USS Sharps (AG-139/AKL-10) was a Camano-class cargo ship constructed for the U.S. Army as USA FS-385 shortly before the end of  World War II and later acquired by the U.S. Navy in 1947. She was configured as a transport and cargo ship and was assigned to serve the World War II Trust Territories in the Pacific Ocean. She later served with distinction in the Korean War.
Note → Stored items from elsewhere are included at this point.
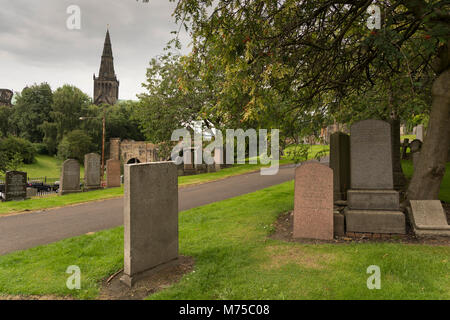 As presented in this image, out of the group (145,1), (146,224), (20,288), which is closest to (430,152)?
(146,224)

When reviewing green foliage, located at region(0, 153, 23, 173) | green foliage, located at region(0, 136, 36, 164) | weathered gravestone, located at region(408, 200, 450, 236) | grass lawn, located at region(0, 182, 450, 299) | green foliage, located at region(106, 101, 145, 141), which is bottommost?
grass lawn, located at region(0, 182, 450, 299)

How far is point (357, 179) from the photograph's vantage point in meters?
6.20

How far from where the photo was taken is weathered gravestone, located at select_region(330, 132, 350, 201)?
7973mm

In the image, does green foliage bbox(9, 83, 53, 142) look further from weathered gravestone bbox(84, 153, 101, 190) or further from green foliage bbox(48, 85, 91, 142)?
weathered gravestone bbox(84, 153, 101, 190)

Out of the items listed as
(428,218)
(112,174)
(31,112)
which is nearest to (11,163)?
(112,174)

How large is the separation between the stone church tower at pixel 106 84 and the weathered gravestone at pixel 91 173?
61.1m

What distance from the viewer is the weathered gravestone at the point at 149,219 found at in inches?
161

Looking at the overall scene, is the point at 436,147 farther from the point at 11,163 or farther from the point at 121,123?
the point at 121,123

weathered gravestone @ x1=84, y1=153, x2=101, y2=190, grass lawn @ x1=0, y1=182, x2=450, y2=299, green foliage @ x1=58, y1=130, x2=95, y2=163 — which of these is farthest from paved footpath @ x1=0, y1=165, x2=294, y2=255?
green foliage @ x1=58, y1=130, x2=95, y2=163

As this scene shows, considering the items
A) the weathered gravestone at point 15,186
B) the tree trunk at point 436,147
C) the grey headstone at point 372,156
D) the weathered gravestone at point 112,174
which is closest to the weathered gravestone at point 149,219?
the grey headstone at point 372,156

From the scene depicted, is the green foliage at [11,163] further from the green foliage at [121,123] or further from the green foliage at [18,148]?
the green foliage at [121,123]

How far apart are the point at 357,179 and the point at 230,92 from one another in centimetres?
357

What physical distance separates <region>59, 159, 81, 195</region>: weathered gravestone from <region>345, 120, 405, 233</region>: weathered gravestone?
1506 cm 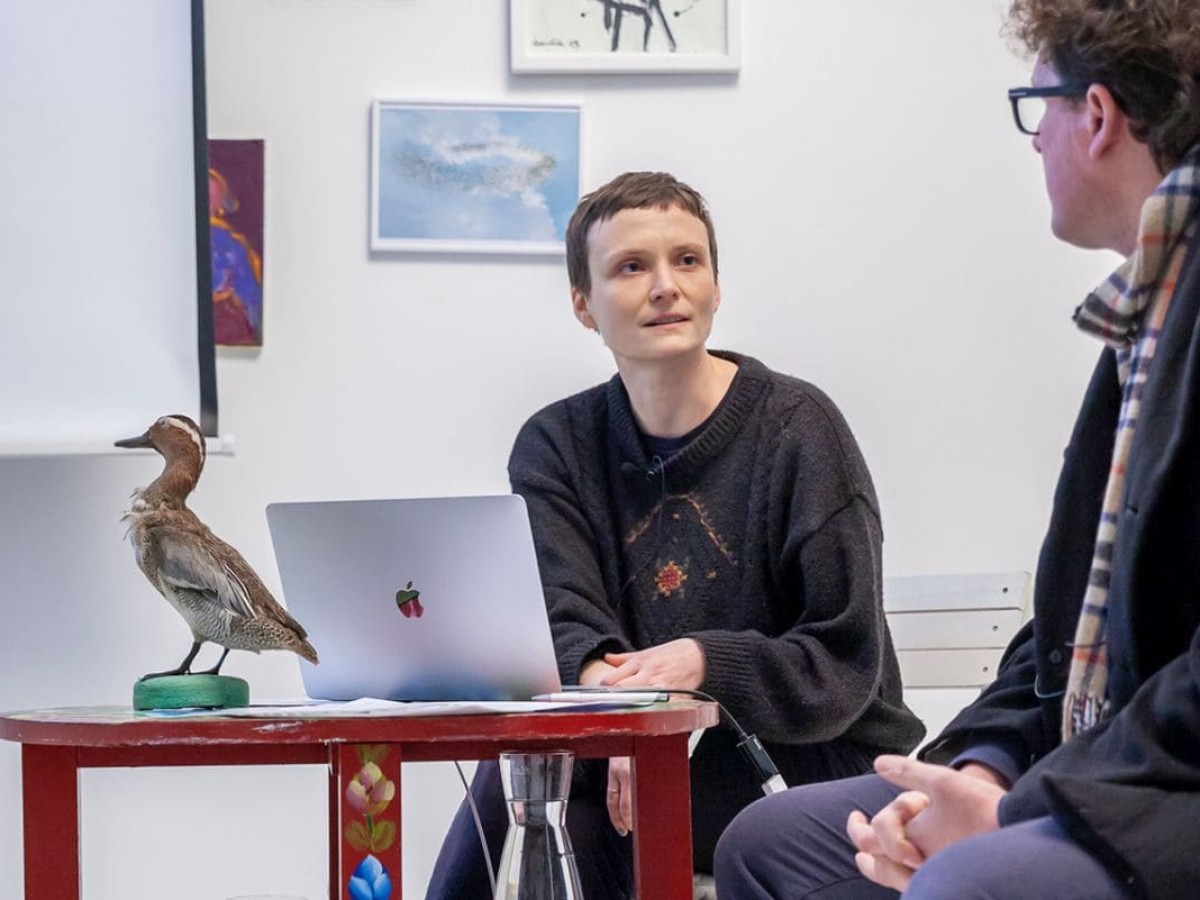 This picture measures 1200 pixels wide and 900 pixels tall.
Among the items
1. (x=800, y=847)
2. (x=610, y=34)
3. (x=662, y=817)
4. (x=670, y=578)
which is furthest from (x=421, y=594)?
(x=610, y=34)

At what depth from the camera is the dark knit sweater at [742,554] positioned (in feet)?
6.18

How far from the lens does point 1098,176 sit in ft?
4.15

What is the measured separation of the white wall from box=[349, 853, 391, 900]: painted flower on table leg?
1.31 metres

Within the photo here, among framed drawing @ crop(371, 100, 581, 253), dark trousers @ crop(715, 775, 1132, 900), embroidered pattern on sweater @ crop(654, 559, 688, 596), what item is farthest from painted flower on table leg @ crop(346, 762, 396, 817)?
A: framed drawing @ crop(371, 100, 581, 253)

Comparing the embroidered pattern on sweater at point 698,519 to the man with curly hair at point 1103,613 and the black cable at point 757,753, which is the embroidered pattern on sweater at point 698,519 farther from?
the man with curly hair at point 1103,613

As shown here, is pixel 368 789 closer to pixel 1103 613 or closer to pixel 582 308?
pixel 1103 613

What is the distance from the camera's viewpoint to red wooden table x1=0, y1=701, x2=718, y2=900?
134cm

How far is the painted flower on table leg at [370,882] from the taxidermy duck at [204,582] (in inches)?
9.8

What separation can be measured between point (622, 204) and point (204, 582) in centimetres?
88

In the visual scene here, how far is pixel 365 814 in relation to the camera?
Answer: 1366mm

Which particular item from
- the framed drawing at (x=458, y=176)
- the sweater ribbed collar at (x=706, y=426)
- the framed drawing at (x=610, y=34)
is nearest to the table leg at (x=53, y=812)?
the sweater ribbed collar at (x=706, y=426)

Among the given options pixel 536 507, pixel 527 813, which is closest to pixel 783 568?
pixel 536 507

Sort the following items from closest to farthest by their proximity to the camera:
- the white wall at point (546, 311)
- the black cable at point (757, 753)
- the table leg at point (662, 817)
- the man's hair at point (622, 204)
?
the table leg at point (662, 817) → the black cable at point (757, 753) → the man's hair at point (622, 204) → the white wall at point (546, 311)

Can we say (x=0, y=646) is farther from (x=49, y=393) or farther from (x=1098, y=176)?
(x=1098, y=176) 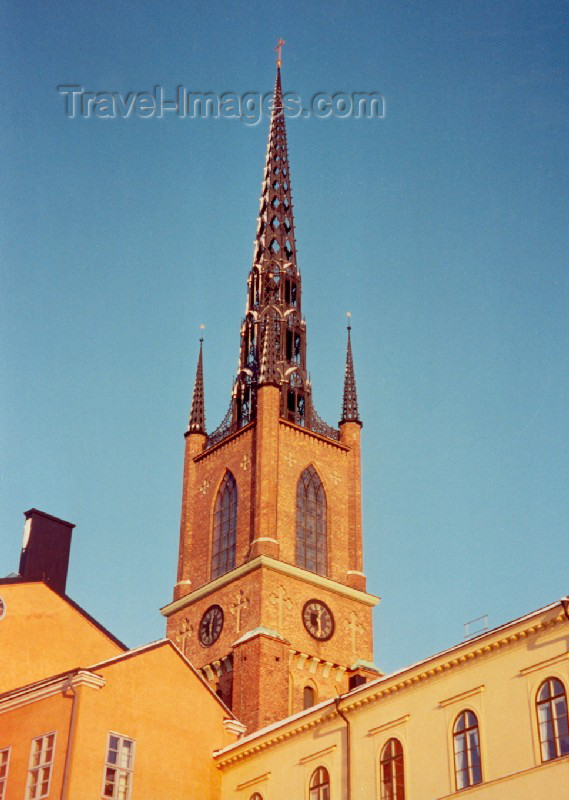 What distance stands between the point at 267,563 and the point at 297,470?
6.55 m

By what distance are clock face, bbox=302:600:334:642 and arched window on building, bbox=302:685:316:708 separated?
256 cm

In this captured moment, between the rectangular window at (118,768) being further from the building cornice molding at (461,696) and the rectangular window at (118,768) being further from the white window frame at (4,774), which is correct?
the building cornice molding at (461,696)

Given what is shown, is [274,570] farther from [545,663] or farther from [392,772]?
[545,663]

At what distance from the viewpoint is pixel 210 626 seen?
5897cm

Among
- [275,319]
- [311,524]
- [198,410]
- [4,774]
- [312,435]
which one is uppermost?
[275,319]

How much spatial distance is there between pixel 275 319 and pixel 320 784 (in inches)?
1478

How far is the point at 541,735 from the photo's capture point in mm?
30812

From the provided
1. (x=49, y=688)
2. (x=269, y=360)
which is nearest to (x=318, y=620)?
(x=269, y=360)

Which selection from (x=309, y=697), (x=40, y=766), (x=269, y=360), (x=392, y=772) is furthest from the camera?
(x=269, y=360)

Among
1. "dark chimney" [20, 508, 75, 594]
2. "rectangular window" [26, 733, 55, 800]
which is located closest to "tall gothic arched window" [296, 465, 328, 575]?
"dark chimney" [20, 508, 75, 594]

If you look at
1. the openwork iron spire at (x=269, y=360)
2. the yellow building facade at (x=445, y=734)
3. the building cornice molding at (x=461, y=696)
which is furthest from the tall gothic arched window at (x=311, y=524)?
the building cornice molding at (x=461, y=696)

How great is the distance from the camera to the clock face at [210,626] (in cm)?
5838

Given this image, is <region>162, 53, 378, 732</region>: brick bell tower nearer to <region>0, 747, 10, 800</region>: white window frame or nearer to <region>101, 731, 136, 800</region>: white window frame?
<region>101, 731, 136, 800</region>: white window frame

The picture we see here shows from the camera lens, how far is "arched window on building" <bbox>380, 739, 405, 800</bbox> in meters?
34.4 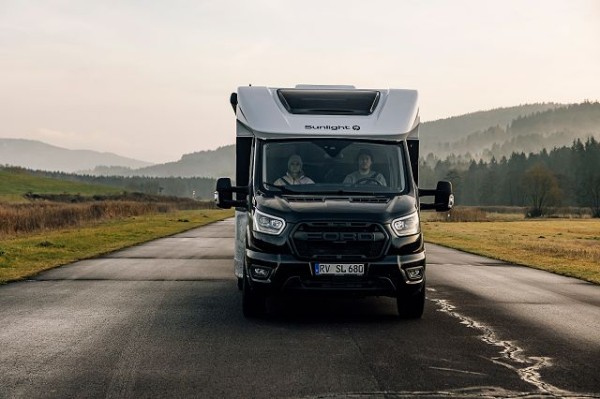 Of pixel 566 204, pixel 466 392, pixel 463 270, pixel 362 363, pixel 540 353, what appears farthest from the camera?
pixel 566 204

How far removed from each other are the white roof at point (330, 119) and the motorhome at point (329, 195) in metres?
0.01

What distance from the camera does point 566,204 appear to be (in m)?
166

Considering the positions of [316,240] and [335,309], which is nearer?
[316,240]

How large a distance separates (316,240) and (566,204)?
16846 cm

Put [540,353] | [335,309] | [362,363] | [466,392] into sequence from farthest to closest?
[335,309]
[540,353]
[362,363]
[466,392]

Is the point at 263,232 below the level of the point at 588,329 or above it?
above

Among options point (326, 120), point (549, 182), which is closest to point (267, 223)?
point (326, 120)

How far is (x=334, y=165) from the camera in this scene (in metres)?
10.1

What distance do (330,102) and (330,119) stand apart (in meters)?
0.43

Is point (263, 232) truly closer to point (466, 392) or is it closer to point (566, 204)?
point (466, 392)

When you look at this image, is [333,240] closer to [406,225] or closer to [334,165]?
[406,225]

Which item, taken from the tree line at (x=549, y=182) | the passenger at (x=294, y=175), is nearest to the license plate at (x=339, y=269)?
the passenger at (x=294, y=175)

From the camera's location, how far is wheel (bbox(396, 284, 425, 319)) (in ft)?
30.9

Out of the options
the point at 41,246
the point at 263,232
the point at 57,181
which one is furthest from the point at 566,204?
the point at 263,232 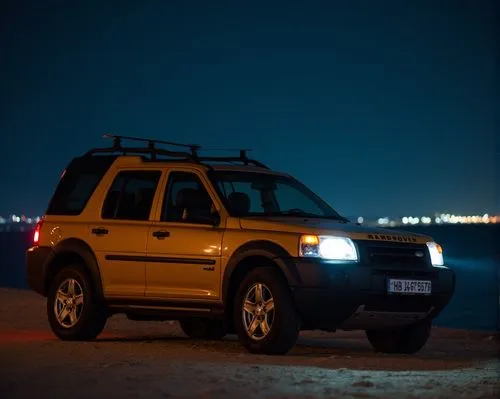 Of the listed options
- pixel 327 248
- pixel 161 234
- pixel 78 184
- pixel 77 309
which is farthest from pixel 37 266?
pixel 327 248

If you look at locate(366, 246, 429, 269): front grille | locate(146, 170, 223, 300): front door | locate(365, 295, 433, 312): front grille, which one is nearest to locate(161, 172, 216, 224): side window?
locate(146, 170, 223, 300): front door

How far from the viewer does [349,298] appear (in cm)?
1106

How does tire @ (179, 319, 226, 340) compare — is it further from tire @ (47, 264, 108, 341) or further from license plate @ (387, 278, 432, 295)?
license plate @ (387, 278, 432, 295)

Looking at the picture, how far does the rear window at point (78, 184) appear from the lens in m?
13.2

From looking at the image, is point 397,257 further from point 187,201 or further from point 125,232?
point 125,232

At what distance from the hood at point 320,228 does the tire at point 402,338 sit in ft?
3.09

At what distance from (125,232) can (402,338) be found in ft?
9.43

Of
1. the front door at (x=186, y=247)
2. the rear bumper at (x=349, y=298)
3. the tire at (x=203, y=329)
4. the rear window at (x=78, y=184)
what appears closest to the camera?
the rear bumper at (x=349, y=298)

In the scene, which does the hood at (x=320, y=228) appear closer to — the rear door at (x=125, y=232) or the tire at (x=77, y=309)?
the rear door at (x=125, y=232)

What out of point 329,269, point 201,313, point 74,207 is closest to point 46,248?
point 74,207

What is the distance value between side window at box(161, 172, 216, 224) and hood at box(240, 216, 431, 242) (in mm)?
468

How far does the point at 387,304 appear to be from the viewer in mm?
11359

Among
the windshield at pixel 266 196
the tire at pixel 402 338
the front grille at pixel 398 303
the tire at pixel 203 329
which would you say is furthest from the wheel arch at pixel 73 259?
the front grille at pixel 398 303

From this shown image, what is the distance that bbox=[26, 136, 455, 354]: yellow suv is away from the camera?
11.2 m
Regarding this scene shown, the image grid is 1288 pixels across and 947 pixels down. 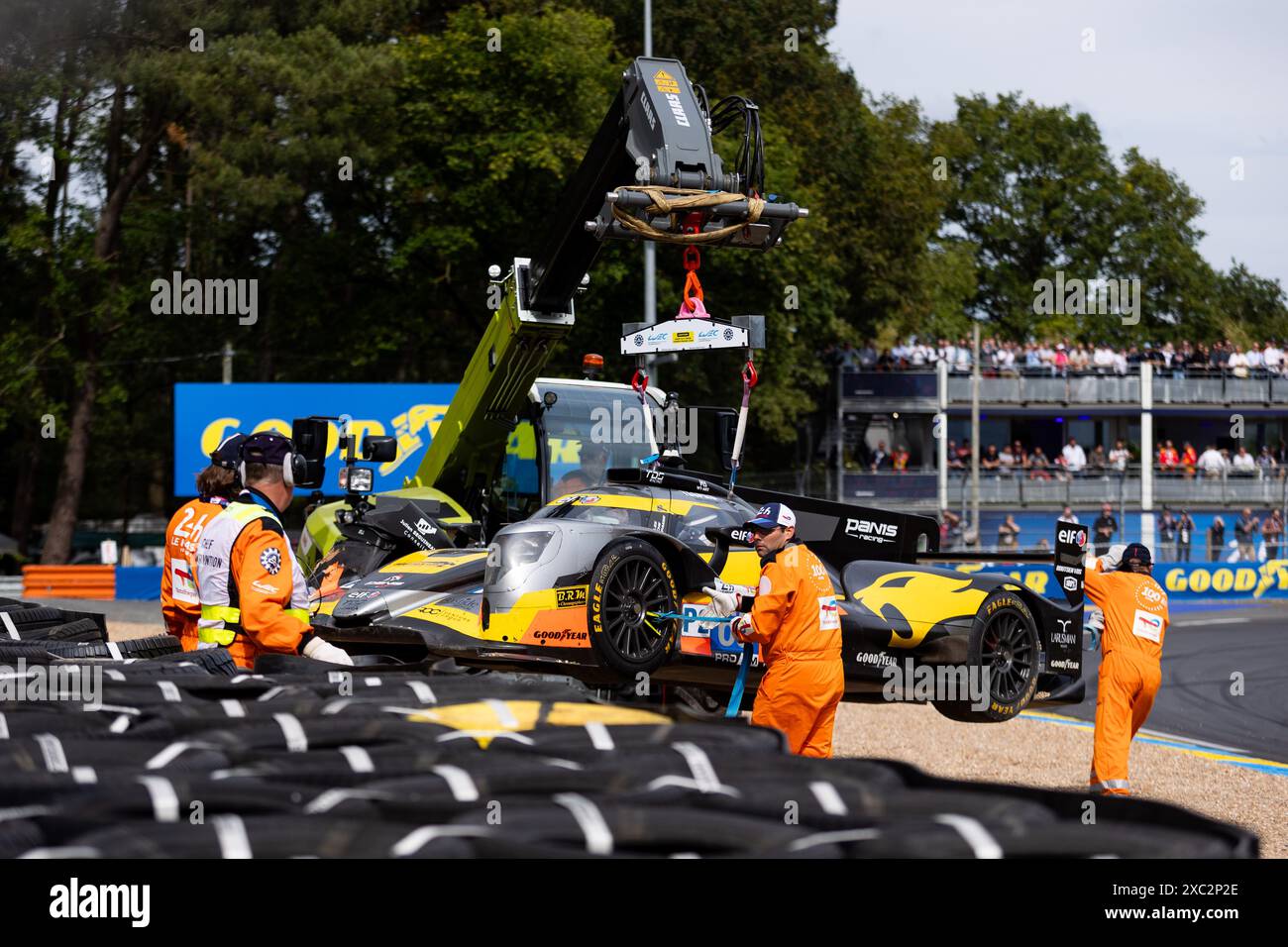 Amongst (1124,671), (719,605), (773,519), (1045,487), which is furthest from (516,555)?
(1045,487)

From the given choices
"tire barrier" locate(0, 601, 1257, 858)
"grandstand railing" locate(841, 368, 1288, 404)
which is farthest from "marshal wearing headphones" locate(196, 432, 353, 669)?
"grandstand railing" locate(841, 368, 1288, 404)

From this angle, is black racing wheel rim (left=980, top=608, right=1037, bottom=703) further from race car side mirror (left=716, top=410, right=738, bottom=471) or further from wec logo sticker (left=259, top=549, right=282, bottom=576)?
wec logo sticker (left=259, top=549, right=282, bottom=576)

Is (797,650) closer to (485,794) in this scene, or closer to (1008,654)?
(1008,654)

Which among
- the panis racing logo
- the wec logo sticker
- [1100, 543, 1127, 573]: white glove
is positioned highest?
the wec logo sticker

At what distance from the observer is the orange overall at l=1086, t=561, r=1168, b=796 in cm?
950

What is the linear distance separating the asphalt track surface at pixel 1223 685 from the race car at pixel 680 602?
13.6 ft

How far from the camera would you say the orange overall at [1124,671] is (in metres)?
9.50

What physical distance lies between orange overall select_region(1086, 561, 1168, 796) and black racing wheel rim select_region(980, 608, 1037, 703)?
0.72 meters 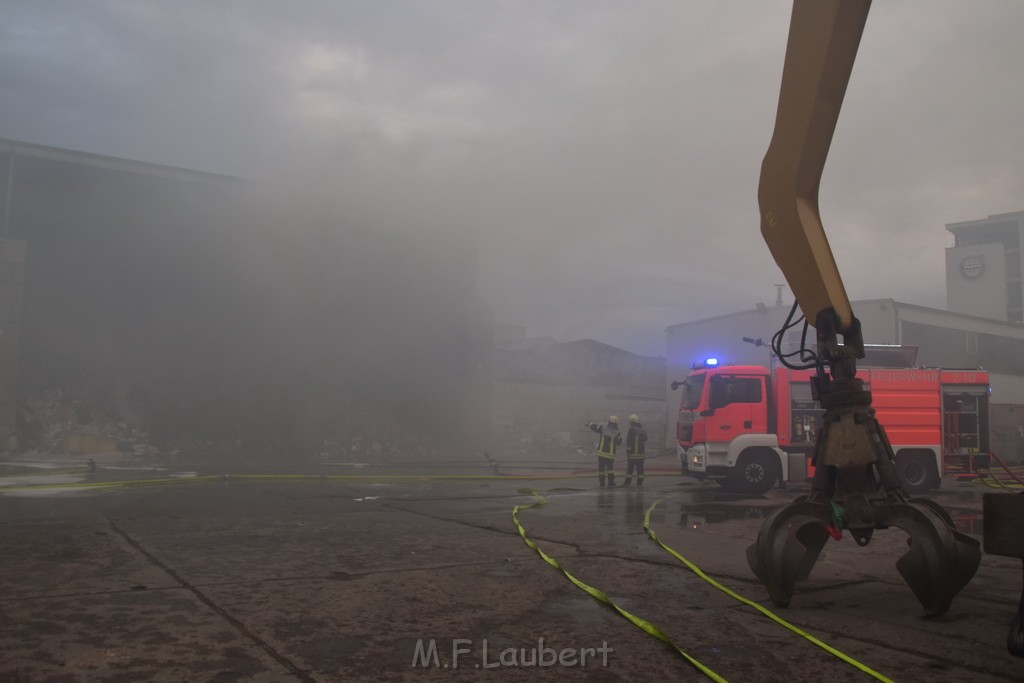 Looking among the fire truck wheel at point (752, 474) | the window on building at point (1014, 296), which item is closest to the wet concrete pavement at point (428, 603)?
the fire truck wheel at point (752, 474)

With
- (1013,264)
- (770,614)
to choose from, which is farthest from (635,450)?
(1013,264)

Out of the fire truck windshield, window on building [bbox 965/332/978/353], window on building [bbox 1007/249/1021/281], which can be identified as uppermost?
window on building [bbox 1007/249/1021/281]

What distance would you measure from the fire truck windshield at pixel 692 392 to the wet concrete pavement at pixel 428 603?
4918mm

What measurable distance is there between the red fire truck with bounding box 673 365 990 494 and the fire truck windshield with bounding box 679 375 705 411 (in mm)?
19

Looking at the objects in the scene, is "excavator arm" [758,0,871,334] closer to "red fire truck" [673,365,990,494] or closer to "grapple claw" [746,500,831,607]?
"grapple claw" [746,500,831,607]

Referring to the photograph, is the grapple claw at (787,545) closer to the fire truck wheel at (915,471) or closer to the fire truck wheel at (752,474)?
the fire truck wheel at (752,474)

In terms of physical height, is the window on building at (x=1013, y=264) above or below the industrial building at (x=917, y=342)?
above

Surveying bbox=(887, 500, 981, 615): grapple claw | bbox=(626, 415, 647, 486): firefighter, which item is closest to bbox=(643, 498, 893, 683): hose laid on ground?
bbox=(887, 500, 981, 615): grapple claw

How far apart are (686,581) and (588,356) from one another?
94.1 feet

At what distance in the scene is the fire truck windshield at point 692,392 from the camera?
13.1 m

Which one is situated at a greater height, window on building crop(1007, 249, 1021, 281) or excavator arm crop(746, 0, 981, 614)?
window on building crop(1007, 249, 1021, 281)

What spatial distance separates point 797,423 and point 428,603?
9.99 m

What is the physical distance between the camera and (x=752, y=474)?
493 inches

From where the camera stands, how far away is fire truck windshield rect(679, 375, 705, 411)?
13.1 m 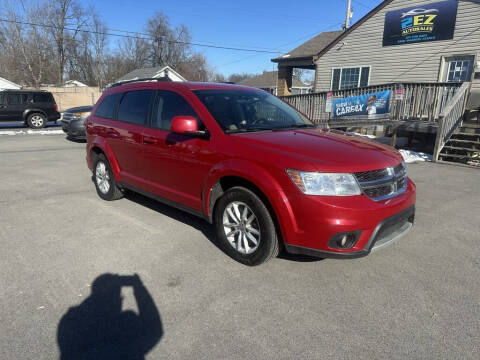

Constructed in Decatur, Alabama 
Sharps (AG-139) was built in 1944 by Ingalls Shipbuilding Corp., Decatur, Alabama; operated by the U.S. Army as a freight supply ship (USA FS-385) in the Pacific Ocean until being transferred to the Navy at Guam in March 1947. She was converted to Navy use and commissioned there on 3 August 1947.

Trust territory service
One of a group of small Army cargo ships transferred to the Navy for use among the Pacific islands, Sharps provided logistic support to the Trust Territories of the Marshall Islands and the Caroline Islands.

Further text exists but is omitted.